• What is being asked
Word for word, copy the line that contains "Sosyal Psikolojide Kullanılan" and each line after it in the data below. Pictures stay out of the copy.

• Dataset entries
*** Block opens ***
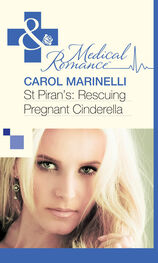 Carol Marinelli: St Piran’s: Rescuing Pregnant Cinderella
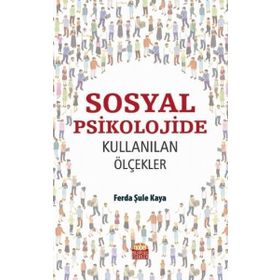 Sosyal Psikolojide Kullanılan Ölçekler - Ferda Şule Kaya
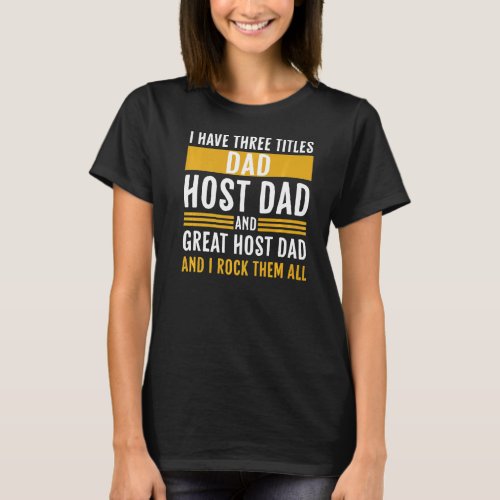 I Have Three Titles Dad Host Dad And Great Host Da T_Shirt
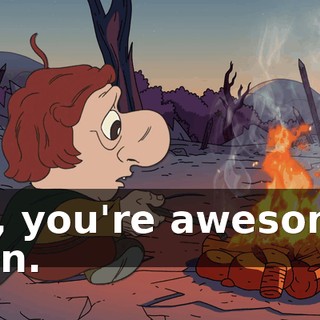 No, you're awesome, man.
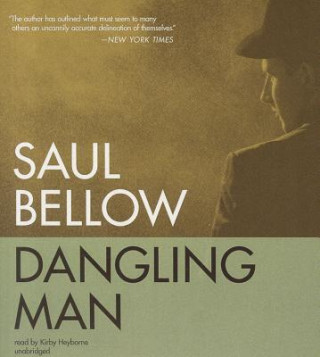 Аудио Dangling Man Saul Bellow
*** Block closes ***
• The completed task
 Sosyal Psikolojide Kullanılan Ölçekler - Ferda Şule Kaya
 I Have Three Titles Dad Host Dad And Great Host Da T_Shirt
 No, you're awesome, man.
 Аудио Dangling Man Saul Bellow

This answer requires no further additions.